The people of The Bahamas are known for their ability to bounce back and rebuild after natural disasters. However, residents felt that this storm was different. Once the period of initial trauma ended, and time passed into weeks and months, new stressors during the recovery and rebuilding phase developed, and residents of Grand Bahama were faced with the challenge of addressing the longer-term impacts of the storm, both on an individual and community level. Past disasters demonstrated that some individuals experience increased symptoms of psychological distress months after the event, presenting with mental health issues like anxiety, depression, addiction, or PTSD. Consequently, addressing the mental health and psychosocial needs for the affected population in Grand Bahama was critical in supporting the recovery efforts.

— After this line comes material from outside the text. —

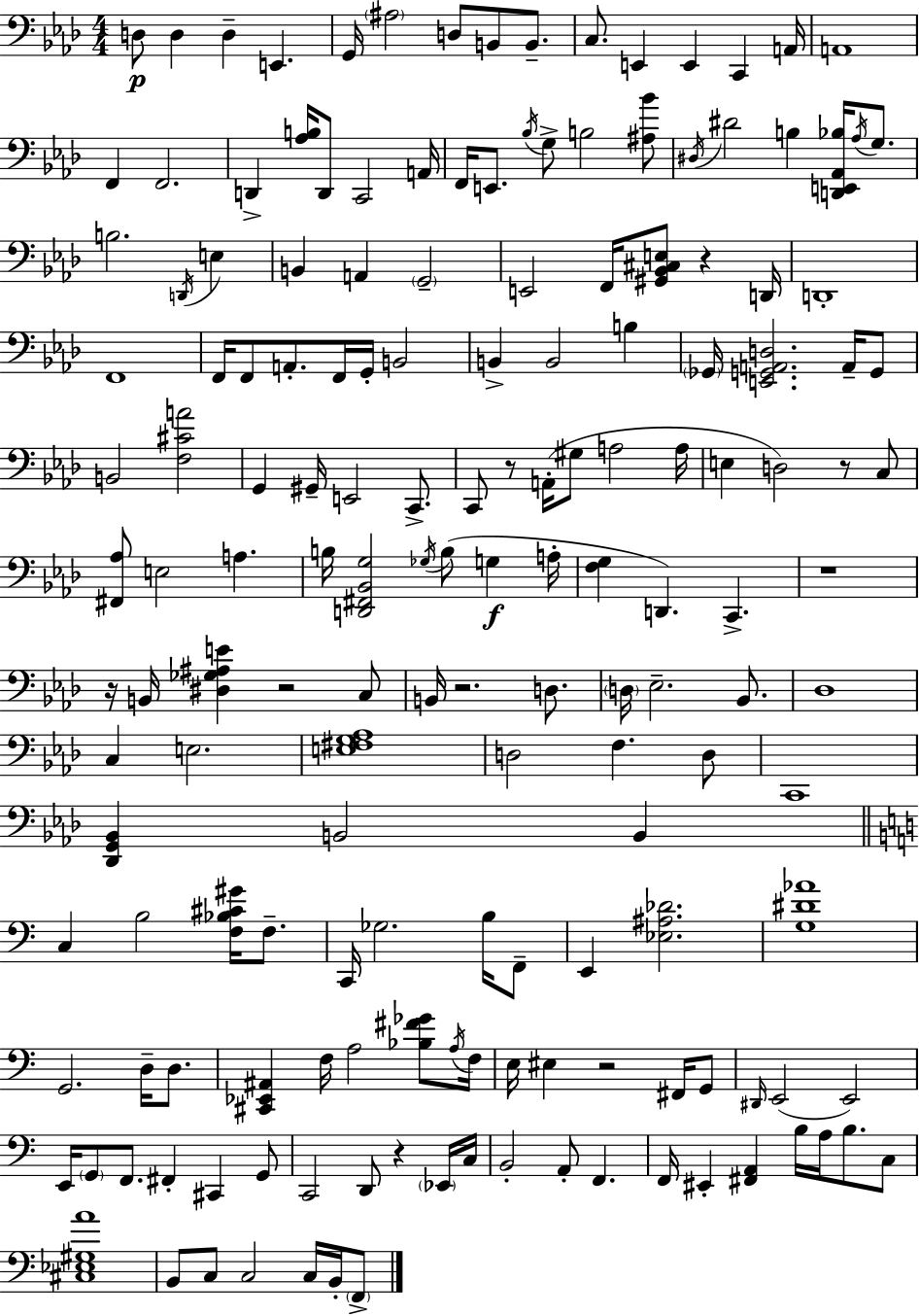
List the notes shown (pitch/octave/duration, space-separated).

D3/e D3/q D3/q E2/q. G2/s A#3/h D3/e B2/e B2/e. C3/e. E2/q E2/q C2/q A2/s A2/w F2/q F2/h. D2/q [Ab3,B3]/s D2/e C2/h A2/s F2/s E2/e. Bb3/s G3/e B3/h [A#3,Bb4]/e D#3/s D#4/h B3/q [D2,E2,Ab2,Bb3]/s Ab3/s G3/e. B3/h. D2/s E3/q B2/q A2/q G2/h E2/h F2/s [G#2,Bb2,C#3,E3]/e R/q D2/s D2/w F2/w F2/s F2/e A2/e. F2/s G2/s B2/h B2/q B2/h B3/q Gb2/s [E2,G2,A2,D3]/h. A2/s G2/e B2/h [F3,C#4,A4]/h G2/q G#2/s E2/h C2/e. C2/e R/e A2/s G#3/e A3/h A3/s E3/q D3/h R/e C3/e [F#2,Ab3]/e E3/h A3/q. B3/s [D2,F#2,Bb2,G3]/h Gb3/s B3/e G3/q A3/s [F3,G3]/q D2/q. C2/q. R/w R/s B2/s [D#3,Gb3,A#3,E4]/q R/h C3/e B2/s R/h. D3/e. D3/s Eb3/h. Bb2/e. Db3/w C3/q E3/h. [E3,F#3,G3,Ab3]/w D3/h F3/q. D3/e C2/w [Db2,G2,Bb2]/q B2/h B2/q C3/q B3/h [F3,Bb3,C#4,G#4]/s F3/e. C2/s Gb3/h. B3/s F2/e E2/q [Eb3,A#3,Db4]/h. [G3,D#4,Ab4]/w G2/h. D3/s D3/e. [C#2,Eb2,A#2]/q F3/s A3/h [Bb3,F#4,Gb4]/e A3/s F3/s E3/s EIS3/q R/h F#2/s G2/e D#2/s E2/h E2/h E2/s G2/e F2/e. F#2/q C#2/q G2/e C2/h D2/e R/q Eb2/s C3/s B2/h A2/e F2/q. F2/s EIS2/q [F#2,A2]/q B3/s A3/s B3/e. C3/e [C#3,Eb3,G#3,A4]/w B2/e C3/e C3/h C3/s B2/s F2/e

As a result of these factors, the Bahamian and international community came together to provide far reaching, immediate technical support, Rebuilding and Recovery Assistance, and Mental Health & Psychosocial Support (MHPSS) to communities impacted by the storm in Grand Bahama, as well as those displaced from Abaco Island. To adequately address the complex needs in Grand Bahama, the local entities understandably required additional supports. To aid the recovery, Caritas's Shelter Project and MHPSS Program were established. Additionally, the existing support mechanisms and services required continued coordination and collaboration, training of additional mental health and psychosocial skilled personnel and long term strategies. The decision to pursue a community 'resilience center' model was reached after an initial needs assessment and collaboration with the Catholic Church, the Rand Memorial Hospital Psychiatric Department, the Bahamas Psychosocial Association, members of Team Restoration, community leaders, as well as other INGOs facilitating MHPSS activities were also consulted.

Resilience is the capacity to recover quickly from a difficult event. Caritas's hope was to provide a safe space to heal, strengthen social cohesion, and offer opportunities to increase knowledge and skills. We are grateful to Caritas for founding this project.